So often, a low-word-count puzzle just makes me wish the constructor had instead strived for the liveliest, most colorful and interesting fill. I'm sure the 58-worders have their fans, but I'm not one of them. (Exception: Well, Patrick Berry can pull off the holy grail: low word count with lively fill.)
Updated Saturday morning:
Tony Orbach's CrosSynergy/Washington Post puzzle, "Witchcraft"—Janie's review
What a happy Halloween Tony has made this. (Wicked) "Witchcraft" is filled with a variety of wordplay in the four theme entries (this would be the "trick" part), plus bonus fill and non-theme fill that is loaded with high-scorin' Scrabble letters (all of which makes for a very nice "treat"). First, the tricks, which take all-things-ordinary and transform them into all-things-occult:
• 16A. Add a letter. [Like cookies at a witch's fundraiser?] which would be not oven-baked, but COVEN-BAKED, a coven being an "assembly of witches." Some definitions specify 13 witches. Think there's any significance in that?...
• 26A. Change a letter. [People who can sniff out a witch's concoction?] are the olfactorily-gifted POTION DETECTORS. Sensors that can register a witch's activity would be motion detectors.
• 43A. "Sounds like." [Announcement at a witch's market?] is "SPELL IN AISLE TWO!" Announcement in your market (in the aftermath of the marinara display's descent to the floor, say...): "Spill in Aisle Two!" (I was also thinking that spell might have been the way the word special sounded over a muffled p.a. system...)
• 59A. Add a letter. Ooh, good—another one, and this time [Witch's mobile sound systems?] yields up BROOM BOXES. No mere boom boxes for our gal!
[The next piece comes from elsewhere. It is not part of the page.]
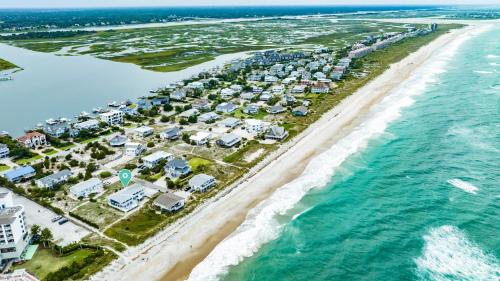 Flock of Sea Girls by Sea Scape Properties in Wrightsville Beach, United States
In addition to the theme-fill itself, the "treats" also include bonus theme-fill: BREW, clued as [Cauldron contents, perhaps] and which harkens back to potion, that "witch's concoction" in the clue at 26A; SKELETON for [Halloween costume]; and how perfect is this?, "BOO!" [Interjection heard on Halloween] as the very last of the Down fill. Nice.
Then there're all those lively words with the scrabbly letters, like:
• JOKE [One-liner], which shares that "J" with, and whose meaning relates to, JAPED [Made fun of]; JEDI ["Star Wars" knight], too;
• ZILCH [Zip], which is synonymous with [Zero] NONE and which shares a "Z" with ZONK [Nod off, with "out"];
• KUMAR (who went to the White Castle with Harold), PECK [Little kiss] sharing its "K" with CLINK [Lockup], and LOCKET [Keepsake holder];
• AVERSION [Strong dislike]; and
• IN-BOX [E-mail receptacle] (though I confess I was surprised to see this word in the same puzzle with broom boxes...).
And just because I enjoyed them in the puzzle, let me also point out "SPLAT!" as the [Sound of dropped ice cream] and [Former U.K. airline] BOAC, British Overseas Airways Corporation (sometimes a/k/a "Better on a Camel"...), which will always be associated in my mind with the opening lyric of the Beatles' "Back in the U.S.S.R."
Nothin' remotely BLAH [Boring] about a puzzle with this kinda fill. This one has a real [Zing]/KICK to it!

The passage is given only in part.